I could say the same about an "orb wizard" - except that transmutation, the changing of one thing into another, which reflects both alchemy and shapeshifting, is actually more strongly based than the symbolism round the orb. And this only makes the point that the
worst of the old school schools is about as thematic as the
best of the implement wizards.
So you picked one of the eight schools and you picked the worst one - and even to you that's about a match for one of 4e's basic three implements. But if you don't find the transmuter thematic of anything then
why in the name of the little black pig did you pick it? This reminds me of the people who had decided that 4e was stupid before they played it and picked the most stupid options they could to "prove" their preconceptions.
And I do mean you picked out the single worst school in 5e. If we look at the
RPGBot breakdown of wizard subclasses they're rated on a red, orange, green, blue scale.
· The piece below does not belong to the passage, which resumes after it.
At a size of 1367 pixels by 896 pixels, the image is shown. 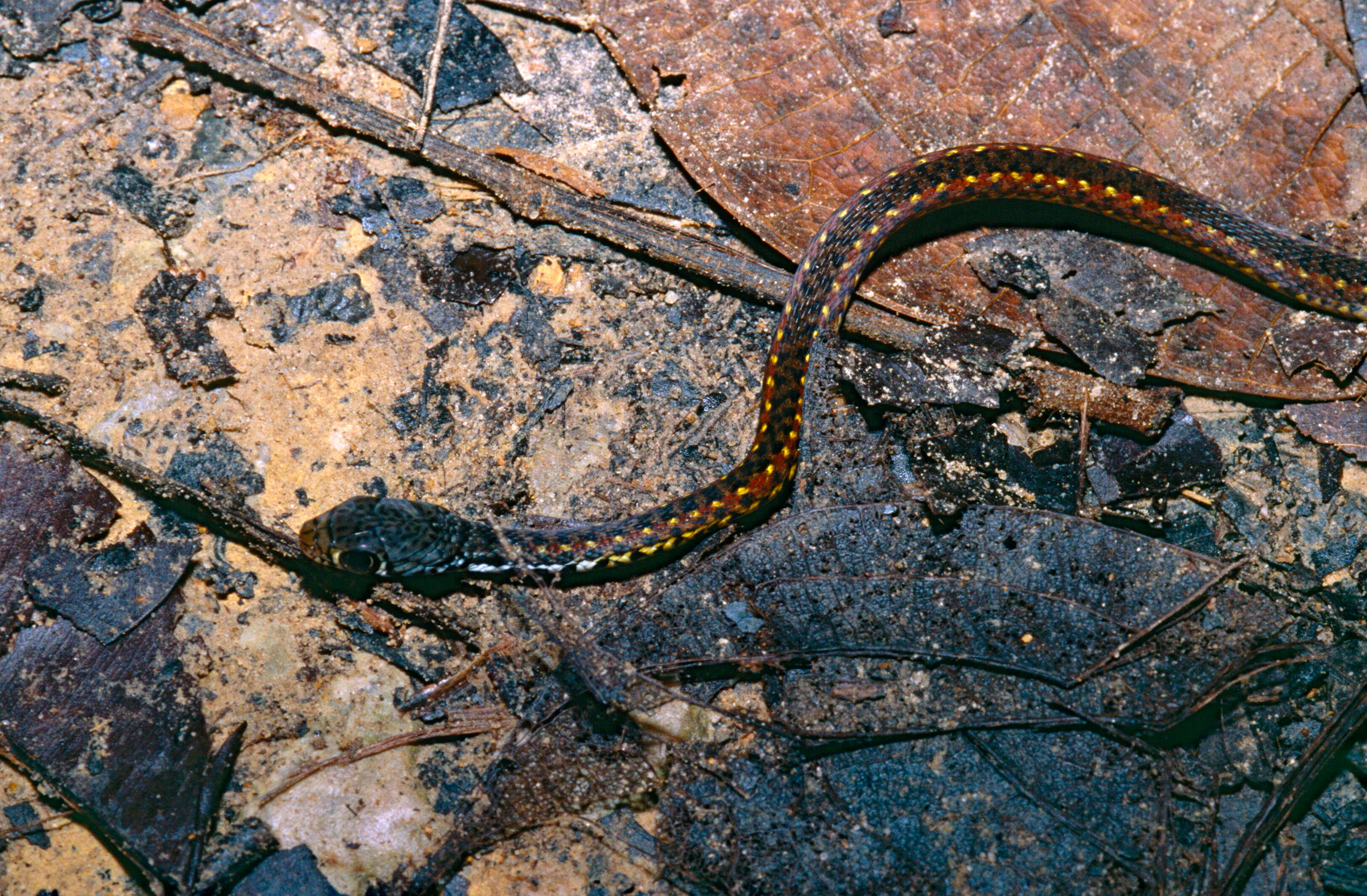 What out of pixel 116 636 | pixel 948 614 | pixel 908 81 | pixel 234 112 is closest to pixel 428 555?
pixel 116 636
Literally the only red rated wizard subclass in 5e is the transmuter - and the only orange rated one is the school of graviturgy from a Critical Role book.
If he wanted to be a wizard who had a penchant for getting into the thick of things he could have chosen to be either a Bladesinger or a War Wizard. Or, if you were restricted to the PHB, he could have been an Abjurer who as their second level feature gains some temporary hit points every time they cast an abjuration spell. Now that's both more thematic than anything either the transmuter or the staff wizard gets and would have been a better fit for your character.
The idea that the schools are no more mechanically significant than the implements simply isn't true - it's just that
Transmutation in specific is the worst school; I've mentioned the abjurer. Some highlights:
- The Diviner at level 2 gets to roll two dice at the start of a session and swap any dice rolled in the session with those
- The Enchanter gets a hypnotic gaze at L2 and the ability to redirect attacks at L6
- The Necromancer gets to raise better undead with Animate Dead at L6 and gets to heal when they kill things at level 2.
- The Illusionist gets to make their illusions part real at level 14
- The Evoker gets to protect their allies by sculpting their evocations at L2 and does more damage with them at L10.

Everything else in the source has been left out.